Esas No: 2011/6-235
Karar No: 2012/110
Yargıtay Ceza Genel Kurulu 2011/6-235 Esas 2012/110 Karar Sayılı İlamı
- ZORUNLU MÜDAFİİ
- SAVUNMA HAKKI
- SANIKLARIN KENDİLERİNE ZORUNLU MÜDAFİİ ATANDIĞINDAN HABERDAR OLMASI
- ZORUNLU MÜDAFİİN HUZURUNDA VERİLEN HÜKMÜN AYRICA SANIKLARA TEBLİĞİNİN GEREKİP GEREKMEDİĞİ
- NİTELİKLİ YAĞMA SUÇU
- TEBLİGAT KANUNU (7201) Madde 11
- 1982 ANAYASASI (2709) Madde 36
- TÜRK CEZA KANUNU (TCK) (5237) Madde 149
- CEZA MUHAKEMESİ KANUNU (CMK) (5271) Madde 150
"İçtihat Metni"
Nitelikli yağma suçundan sanık Talip ’in 5237 sayılı TCY"nın 149/1-a-c-h maddesi uyarınca 12 yıl, sanık Onur’un ise aynı Yasanın 149/1-a-c-h ve 62. maddeleri uyarınca 10 yıl hapis cezasıyla cezalandırılmalarına ve hak yoksunluğuna ilişkin, Balıkesir 1. Ağır Ceza Mahkemesince 07.11.2005 gün ve 282-56 sayı ile verilen hükmün, sanıklar müdafileri tarafından temyiz edilmesi üzerine dosyayı inceleyen Yargıtay 6. Ceza Dairesince 03.03.2009 gün ve 6504-4302 sayı ile
“…Yağma suçunun bıçakla, birden fazla kişiyle ve konutta işlendiğinden 5237 sayılı TCY’nın 149/1-a-c-d bentleri yerine, eylemin gündüzleyin gerçekleştirildiği gözetilmeden aynı maddenin (a)-(c)-(h) bentleriyle uygulama yapılması sonuca etkili olmadığından bozma nedeni yapılmamıştır.
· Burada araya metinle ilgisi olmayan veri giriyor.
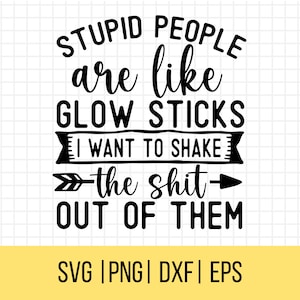 Stupid People Are Like Glow Sticks SVG, Sassy Svg, Adult Humor Svg, Stupid People Svg, Commercial Use
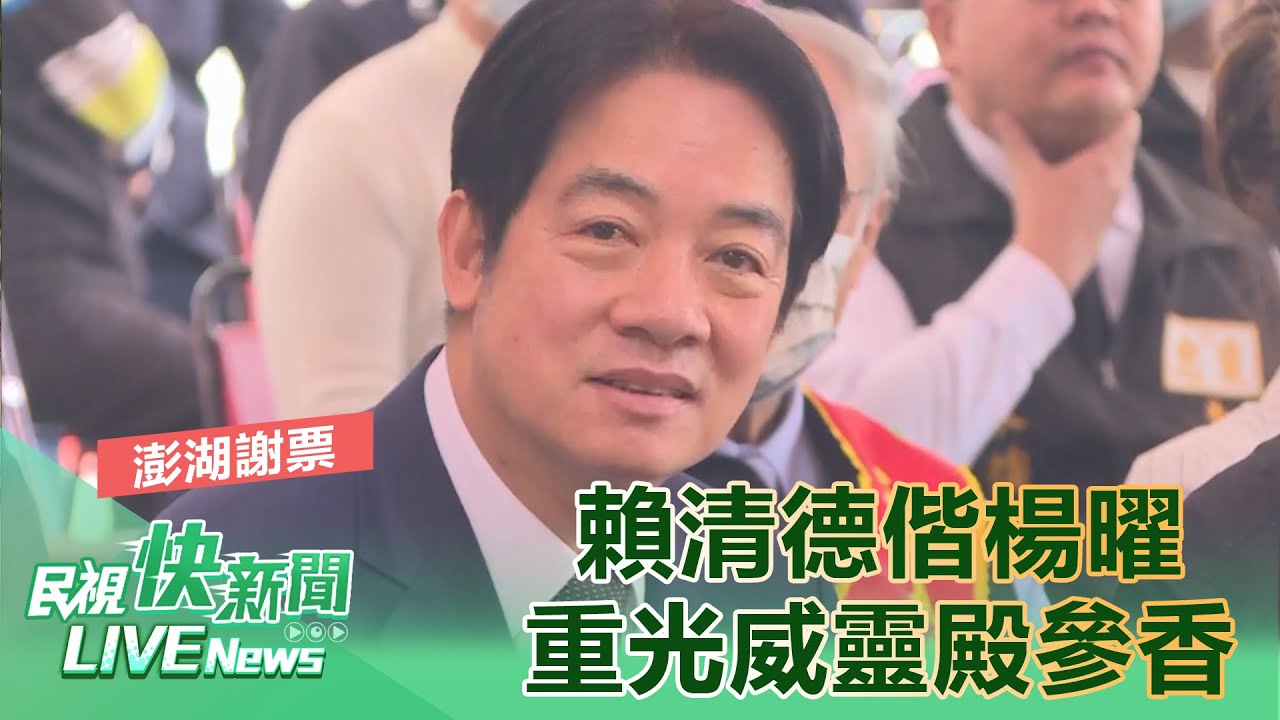 【LIVE】0204 感謝支持澎湖謝票！賴清德偕楊曜重光威靈殿參香祈福｜民視快新聞｜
…II- Sanıklar Talip , Süleyman ve Onur hakkındaki hükümlerin temyizine gelince:
Dosya içeriğine, toplanıp karar yerinde incelenerek tartışılan hukuken geçerli ve elverişli kanıtlara, gerekçeye ve Hakimler Kurulunun takdirine göre, diğer temyiz itirazları yerinde görülmemiştir.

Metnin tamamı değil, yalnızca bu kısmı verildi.